Excerpt from the entries below: please repeat exactly the lines from the one containing "Stylized Low-Poly Bamboo Palm Plant" through the last one, both ends included, with no pictures.

* * *

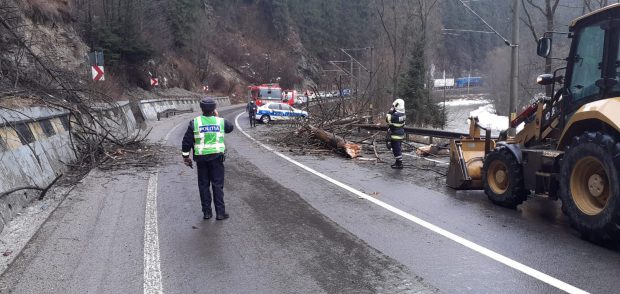 O femeie din București a murit, după ce un copac a căzut peste mașina în care circula cu soțul și cei doi copii. Familia era în vacanță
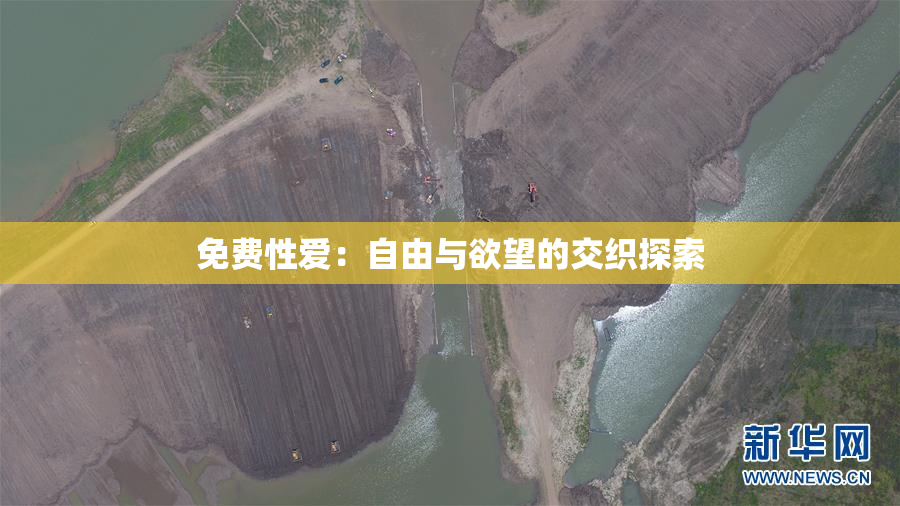 免费性爱：自由与欲望的交织探索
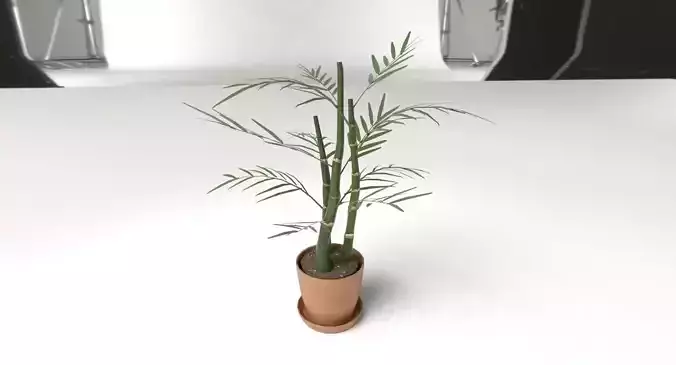Stylized Low-Poly Bamboo Palm Plant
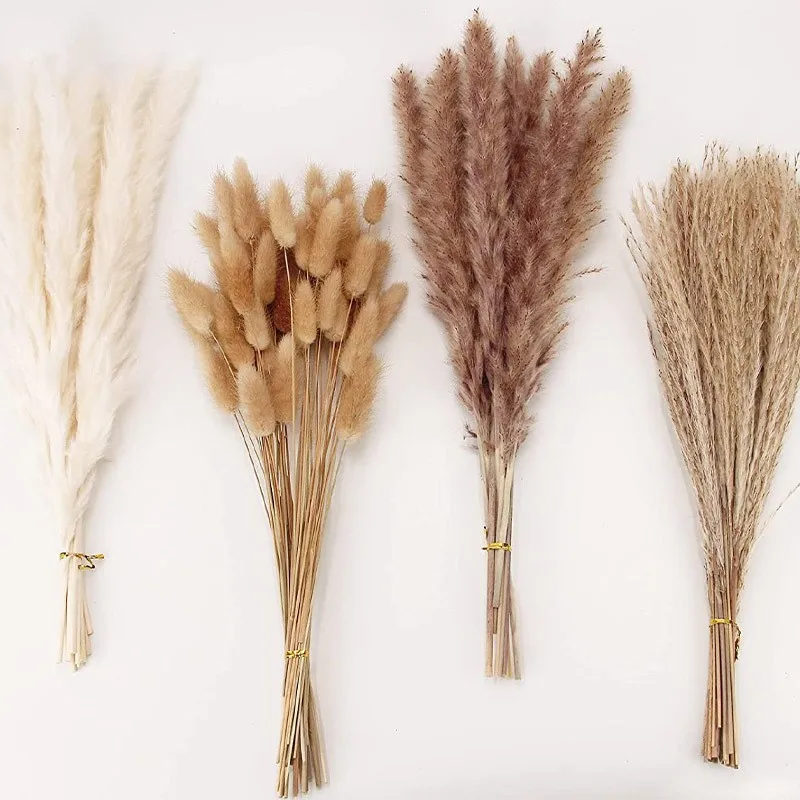 

100pcs Pampas Grass Fluffy Phragmites Room Home Decor Natural Dried Flowers Bunny Tail Grass Reed Bouquet for Wedding Decoration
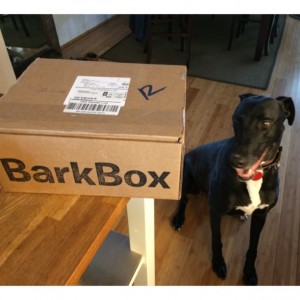 Otis and Bark Box
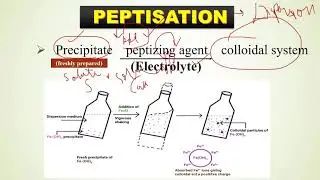 Peptization & Coacervation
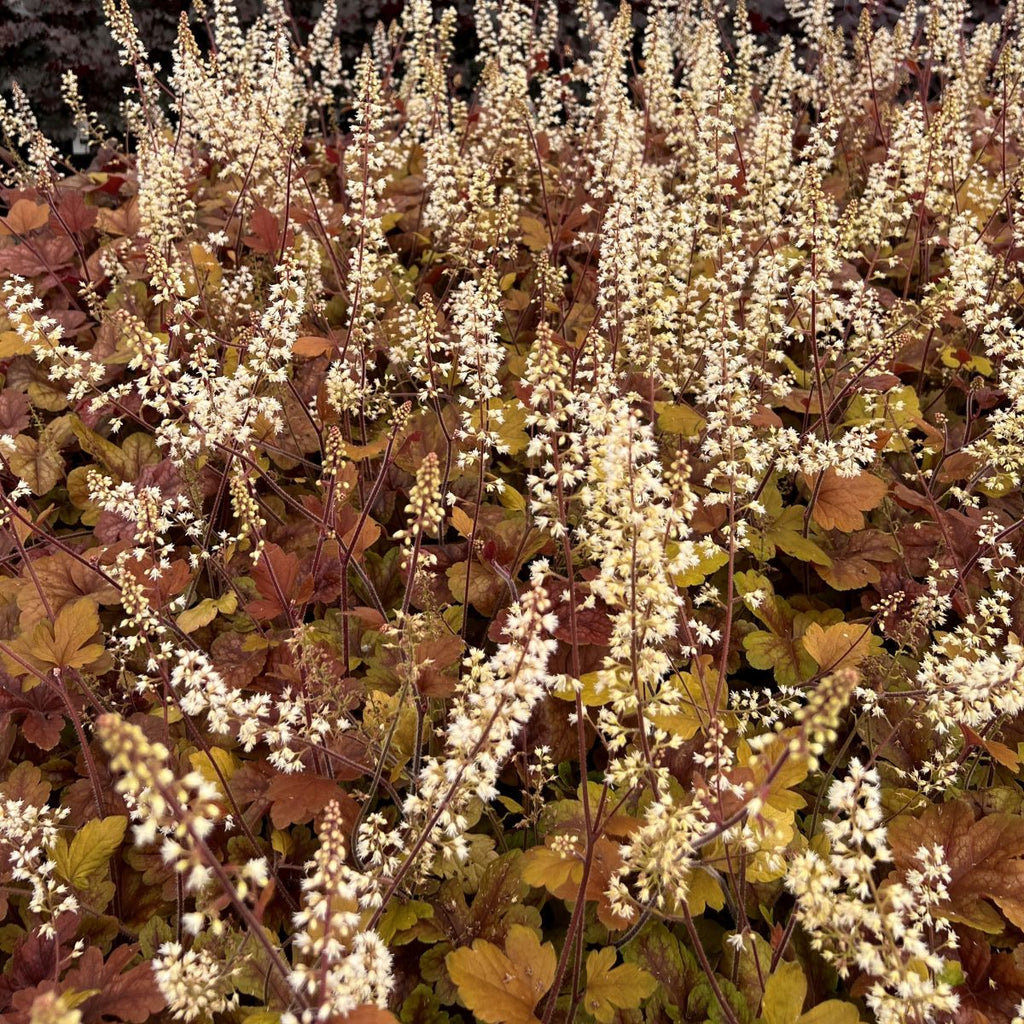 Heucherella 'Buttered Rum' PPAF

* * *

[WORKED SOLUTION]
Stylized Low-Poly Bamboo Palm Plant

100pcs Pampas Grass Fluffy Phragmites Room Home Decor Natural Dried Flowers Bunny Tail Grass Reed Bouquet for Wedding Decoration
 Otis and Bark Box
 Peptization & Coacervation
 Heucherella 'Buttered Rum' PPAF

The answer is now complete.